Драматург Артем Материнский, кстати, участник команды спектакля. А в третьей части — музыкальном концерте — вместе с Елизаветой Кашинцевой выступает в качестве перформера. Материнский и Кашинцева, встав за стойки посередине черного зала, начинают играть концерт. Музыкальные инструменты, выбранные для исполнения, — бытовые предметы родом из детства. Звучат: переливчатый звон металлических вешалок, нервное шуршание фломастера о листы блокнота, шумные вздохи вентилятора, звонкое бряцанье ложки о стакан, жужжание электрической зубной щетки, песенка свистульки, протяжный гласный звук — голос Елизаветы. Концертная программа быта циклична: каждый предмет проигрывает свою партию, уступая место следующему; набор инструментов заканчивается, и последовательность начинается заново. Форма круга — как обозначение времени в детстве, когда дни проходят один за другим без ощущения линейности, без тревожащих категорий прошлого и будущего. Выбор предметов кажется не вполне типически-универсальным, например, в моем доме ни вентилятора, ни электрощетки не было. Но очевидно намерение авторов создать аудиальное ощущение детского повседневного. С точки зрения композиции это очень гуманно: после погружения в черную комнату страха зрителей будто укутывают одеялом — и помещают в безопасное пространство дома, давая возможность поймать ностальгическое настроение.

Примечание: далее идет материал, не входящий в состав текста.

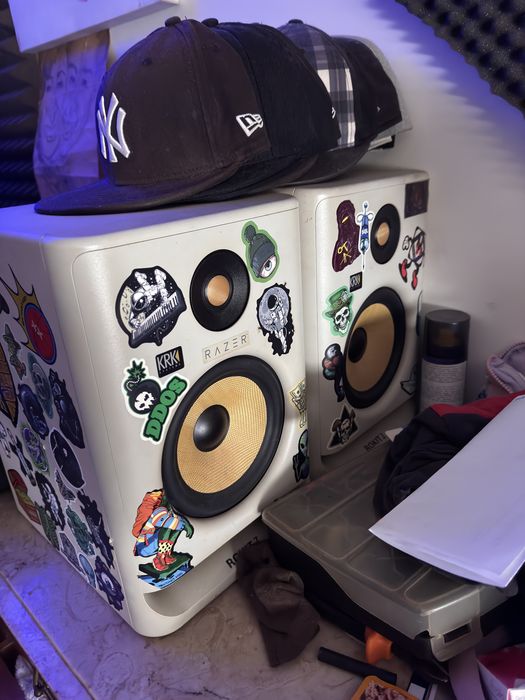 Monitores de estudio Krk rokit7 gen4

«Простите, это все я» — чувственная конструкция. Средствами музыки и медиа-искусства, театра и текста команда спектакля строит объемный и противоречивый образ детского мироощущения. В каком-то смысле постановка — иммерсивная, происходит воздействие на все органы чувств зрителя. Катарсиса не будет, но «очищение» — от шаблонов восприятия реальности — вполне достижимо.
Сентябрь 2022 г.
Комментарии (0)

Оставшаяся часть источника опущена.